# EXERCISE GOAL
Look through the data below and output, unchanged, every line from the one holding "1420 - 2885" through the one holding "Матрасик BUGABOO в коляску fresh white", inclusive. Skip the pictures.

# INPUT FOR THIS TASK
····················

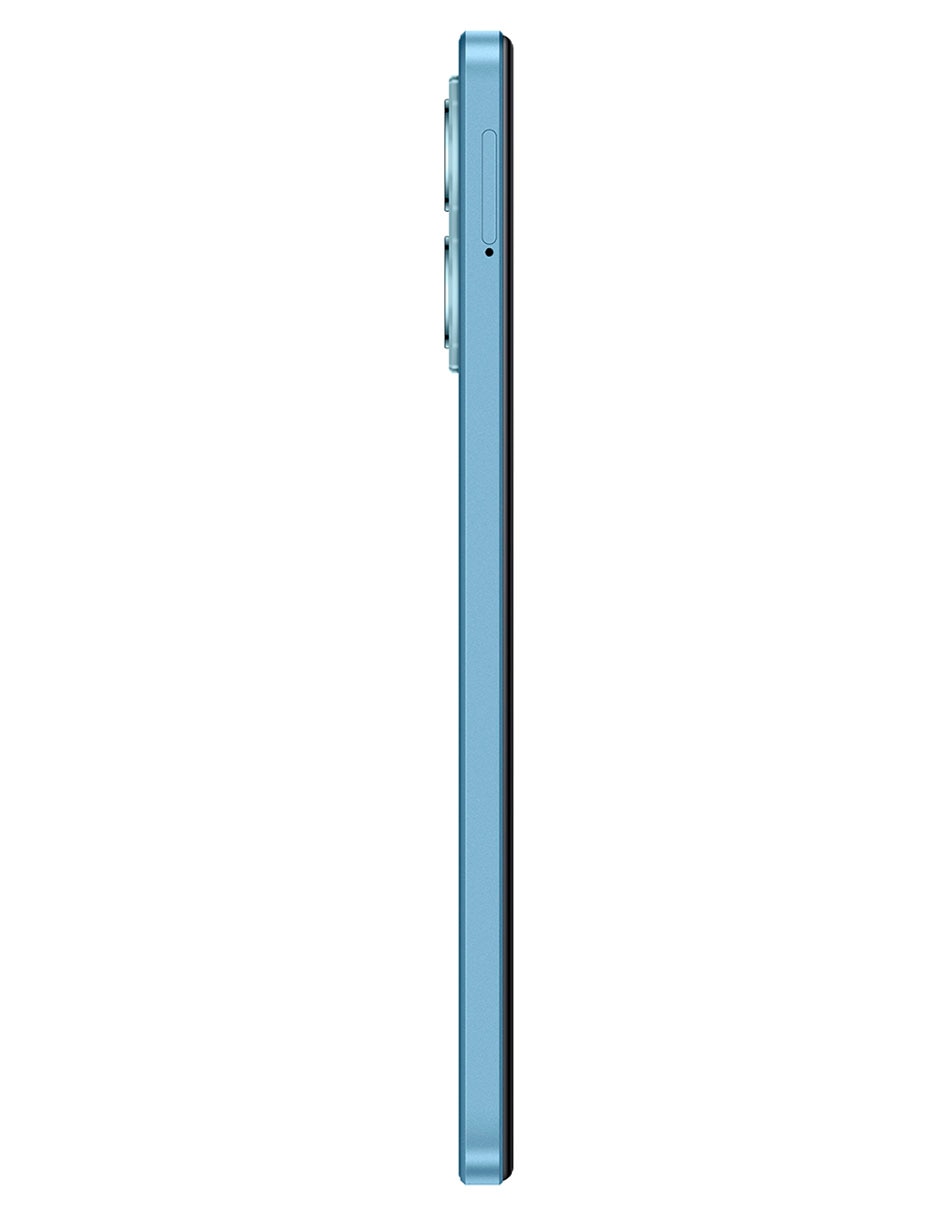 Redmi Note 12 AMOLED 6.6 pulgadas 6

····················

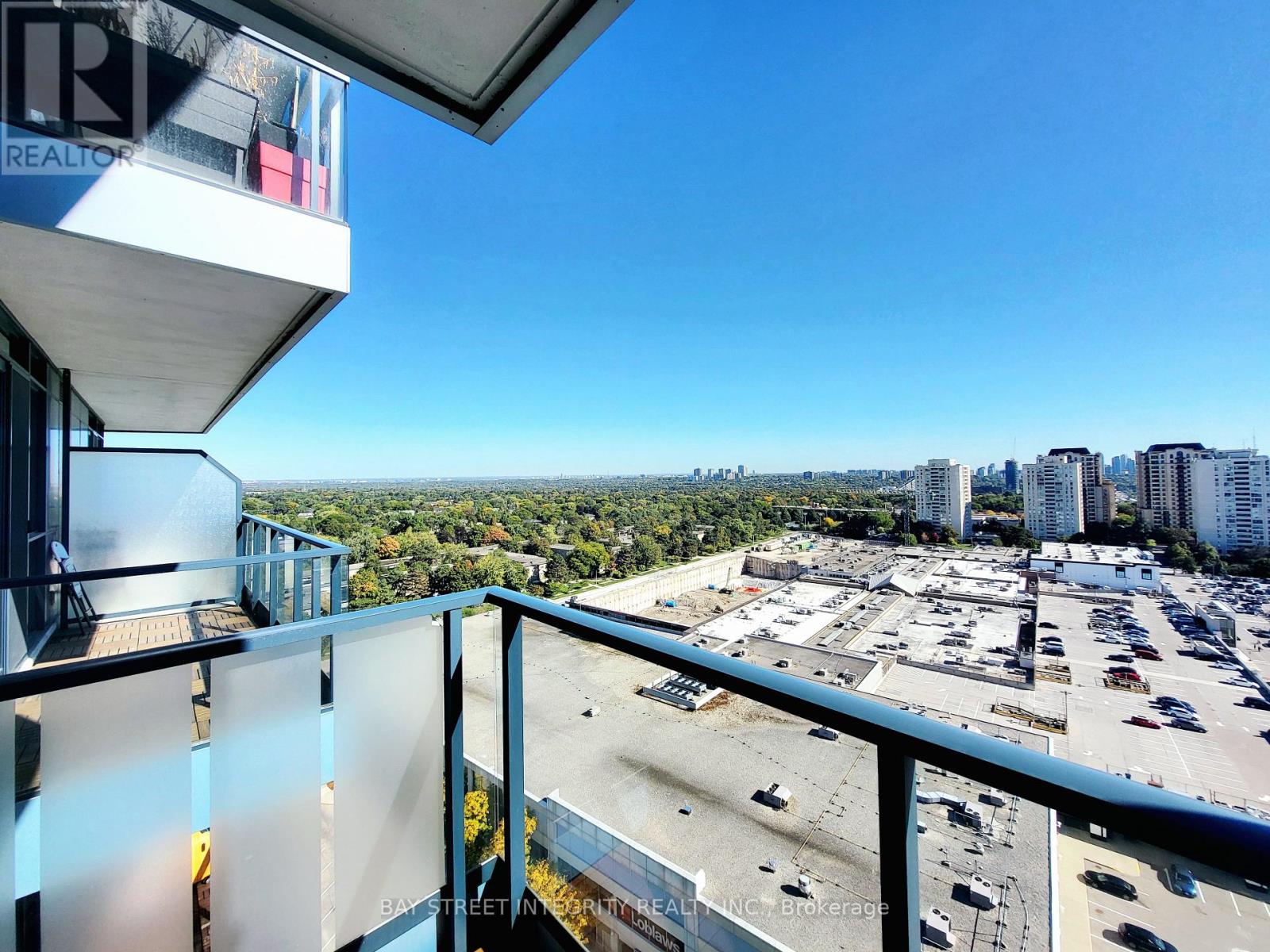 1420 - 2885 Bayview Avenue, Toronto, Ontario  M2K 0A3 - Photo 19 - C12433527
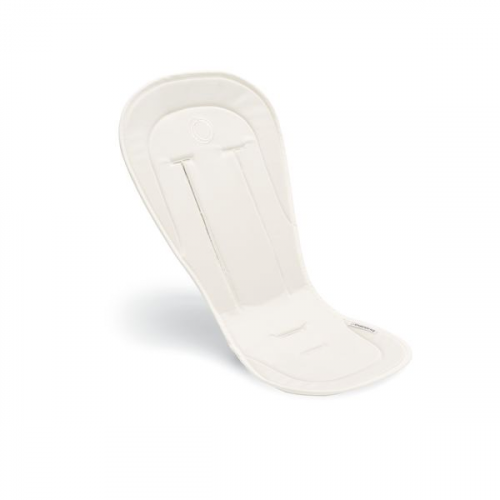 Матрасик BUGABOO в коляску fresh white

····················

# SOLUTION TO THIS PROBLEM
 1420 - 2885 Bayview Avenue, Toronto, Ontario  M2K 0A3 - Photo 19 - C12433527
 Матрасик BUGABOO в коляску fresh white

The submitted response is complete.